So named because it was to be scrapped
at Albert Drapers in Hull but thankfully
he kept it instead.
No.5305, curiously and unlike most preserved Black 5s, is usually known by its LMS number. It is an Armstrong Whitworth locomotive constructed in 1937. It spent its working life all over the more southerly sections of the former LMS network and saw its final allocation to Lostock Hall (in Preston), and lasted to the end of main line steam on British Railways in the summer of 1968. It was then sent for scrap.
No.5305 became the last locomotive on the scrap line of Drapers of Hull, who broke up 742 former BR locomotives. No.5305 was to have been the 743rd and last, but it was decided to keep it and bring it back to full running order.

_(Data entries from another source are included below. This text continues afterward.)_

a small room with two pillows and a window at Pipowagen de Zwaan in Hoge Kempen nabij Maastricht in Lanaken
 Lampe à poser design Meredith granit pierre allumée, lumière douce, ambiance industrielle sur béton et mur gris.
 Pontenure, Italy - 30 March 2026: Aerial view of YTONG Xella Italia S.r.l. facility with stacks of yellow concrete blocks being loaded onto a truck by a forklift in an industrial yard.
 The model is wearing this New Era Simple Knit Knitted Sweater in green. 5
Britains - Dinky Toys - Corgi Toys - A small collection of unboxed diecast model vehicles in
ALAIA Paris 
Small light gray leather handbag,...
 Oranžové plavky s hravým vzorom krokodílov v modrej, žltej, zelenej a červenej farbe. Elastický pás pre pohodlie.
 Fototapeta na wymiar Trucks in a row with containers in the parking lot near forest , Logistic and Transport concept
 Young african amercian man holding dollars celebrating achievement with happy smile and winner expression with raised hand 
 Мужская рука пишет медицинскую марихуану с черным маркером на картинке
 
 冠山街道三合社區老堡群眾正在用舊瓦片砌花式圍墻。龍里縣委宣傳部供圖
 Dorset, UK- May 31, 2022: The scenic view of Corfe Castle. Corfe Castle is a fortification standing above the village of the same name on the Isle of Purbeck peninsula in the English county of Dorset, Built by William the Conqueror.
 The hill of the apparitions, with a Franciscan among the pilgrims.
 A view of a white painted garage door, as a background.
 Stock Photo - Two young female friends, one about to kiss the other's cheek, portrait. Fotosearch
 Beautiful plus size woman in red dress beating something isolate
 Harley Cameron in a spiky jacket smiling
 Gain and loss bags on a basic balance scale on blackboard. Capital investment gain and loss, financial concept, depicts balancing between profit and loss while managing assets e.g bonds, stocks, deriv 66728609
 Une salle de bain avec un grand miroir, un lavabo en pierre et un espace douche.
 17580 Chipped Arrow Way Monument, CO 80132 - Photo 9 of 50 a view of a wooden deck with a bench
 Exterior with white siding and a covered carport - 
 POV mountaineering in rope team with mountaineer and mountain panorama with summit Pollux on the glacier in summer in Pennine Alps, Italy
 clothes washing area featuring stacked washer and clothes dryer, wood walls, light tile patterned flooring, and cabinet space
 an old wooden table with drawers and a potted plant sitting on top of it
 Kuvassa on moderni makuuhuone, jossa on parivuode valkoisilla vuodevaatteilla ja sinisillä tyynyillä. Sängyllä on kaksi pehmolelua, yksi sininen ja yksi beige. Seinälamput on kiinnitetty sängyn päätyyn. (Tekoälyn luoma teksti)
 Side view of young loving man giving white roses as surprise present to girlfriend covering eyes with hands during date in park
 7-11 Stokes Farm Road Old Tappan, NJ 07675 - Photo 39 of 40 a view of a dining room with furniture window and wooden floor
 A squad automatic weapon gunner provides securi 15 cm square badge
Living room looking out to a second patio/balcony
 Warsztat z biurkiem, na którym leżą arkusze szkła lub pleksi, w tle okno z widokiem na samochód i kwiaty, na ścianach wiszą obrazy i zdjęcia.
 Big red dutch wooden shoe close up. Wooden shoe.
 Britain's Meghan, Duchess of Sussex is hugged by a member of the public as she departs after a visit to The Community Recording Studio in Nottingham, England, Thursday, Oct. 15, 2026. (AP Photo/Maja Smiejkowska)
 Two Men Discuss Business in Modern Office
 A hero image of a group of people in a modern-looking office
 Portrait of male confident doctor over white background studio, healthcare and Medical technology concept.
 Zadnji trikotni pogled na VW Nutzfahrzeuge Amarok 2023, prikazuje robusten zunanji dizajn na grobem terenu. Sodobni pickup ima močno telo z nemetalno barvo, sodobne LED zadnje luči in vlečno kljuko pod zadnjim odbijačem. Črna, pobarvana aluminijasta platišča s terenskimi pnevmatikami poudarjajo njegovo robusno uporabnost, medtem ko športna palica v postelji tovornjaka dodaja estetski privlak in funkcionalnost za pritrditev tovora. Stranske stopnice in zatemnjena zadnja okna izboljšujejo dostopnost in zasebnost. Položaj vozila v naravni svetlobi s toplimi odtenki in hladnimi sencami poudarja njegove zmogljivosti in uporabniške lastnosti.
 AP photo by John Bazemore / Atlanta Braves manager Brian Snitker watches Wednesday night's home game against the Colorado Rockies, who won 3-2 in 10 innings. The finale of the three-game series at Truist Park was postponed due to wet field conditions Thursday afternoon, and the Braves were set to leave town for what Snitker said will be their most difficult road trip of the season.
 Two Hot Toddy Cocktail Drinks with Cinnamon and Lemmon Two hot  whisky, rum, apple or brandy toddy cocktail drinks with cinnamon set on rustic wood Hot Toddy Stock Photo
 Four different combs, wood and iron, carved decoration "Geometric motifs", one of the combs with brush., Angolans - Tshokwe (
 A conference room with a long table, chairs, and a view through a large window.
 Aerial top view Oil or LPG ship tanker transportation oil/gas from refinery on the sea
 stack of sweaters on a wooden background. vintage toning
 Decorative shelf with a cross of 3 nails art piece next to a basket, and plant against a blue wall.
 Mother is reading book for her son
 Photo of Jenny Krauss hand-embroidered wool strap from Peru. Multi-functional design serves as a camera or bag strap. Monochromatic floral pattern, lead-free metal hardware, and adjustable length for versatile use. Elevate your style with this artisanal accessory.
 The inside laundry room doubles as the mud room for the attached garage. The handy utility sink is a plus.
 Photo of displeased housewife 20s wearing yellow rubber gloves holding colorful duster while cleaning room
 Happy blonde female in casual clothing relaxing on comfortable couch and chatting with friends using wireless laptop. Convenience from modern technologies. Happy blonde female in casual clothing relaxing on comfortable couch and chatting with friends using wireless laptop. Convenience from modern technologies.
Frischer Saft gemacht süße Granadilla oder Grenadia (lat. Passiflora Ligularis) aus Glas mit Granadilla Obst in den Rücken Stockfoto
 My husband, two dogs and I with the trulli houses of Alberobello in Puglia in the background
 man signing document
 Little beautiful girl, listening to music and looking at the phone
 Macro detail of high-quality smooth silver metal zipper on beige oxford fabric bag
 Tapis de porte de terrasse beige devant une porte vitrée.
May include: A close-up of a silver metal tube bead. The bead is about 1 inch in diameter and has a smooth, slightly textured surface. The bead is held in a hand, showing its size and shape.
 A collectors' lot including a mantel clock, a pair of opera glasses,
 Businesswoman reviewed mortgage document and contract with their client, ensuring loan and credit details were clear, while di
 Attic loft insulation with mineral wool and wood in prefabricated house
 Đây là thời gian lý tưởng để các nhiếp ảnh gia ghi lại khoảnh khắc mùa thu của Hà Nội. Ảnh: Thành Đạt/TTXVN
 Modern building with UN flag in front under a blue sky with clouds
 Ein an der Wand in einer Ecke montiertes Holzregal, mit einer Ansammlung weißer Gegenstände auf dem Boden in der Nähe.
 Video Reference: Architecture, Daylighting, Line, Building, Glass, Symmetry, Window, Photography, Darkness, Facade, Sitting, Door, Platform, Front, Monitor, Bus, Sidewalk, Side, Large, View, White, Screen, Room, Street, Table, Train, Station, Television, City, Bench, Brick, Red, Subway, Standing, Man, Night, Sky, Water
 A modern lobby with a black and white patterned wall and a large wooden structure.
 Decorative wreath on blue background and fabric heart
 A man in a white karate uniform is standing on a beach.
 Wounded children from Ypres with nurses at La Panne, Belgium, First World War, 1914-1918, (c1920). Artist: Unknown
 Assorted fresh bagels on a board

No.5305 was put in the care of the Humberside Locomotive Preservation Group and based at Hull Dairycoates MPD where it was eventually brought up to full main line standard. The locomotive left Hull Dairycoates in April, 1992 on the closure of that shed and went to RAF Binbrook in Lincolnshire. It arrived on the GCR 20th November, 1996 and was returned to service in 2003. On 26th April, 2005 the Mayor of Charnwood, Mike Jones, welcomed the Lord Mayor of Hull, John Fareham, to the Great Central Railway to re-name the engine “Alderman A E Draper’” using the plates used when the locomotive was first named in 1984. The locomotive remains in the ownership of A E Draper and Sons and is in the long term care of the 5305 Locomotive Association, the successor to the Humberside Locomotive Preservation Group.
Now at the Keighley and Worth Valley Railway. A long term visitor to the Railway, 5305 Locomotive Association’s LMS 5MT is normally based on the Great Central Railway.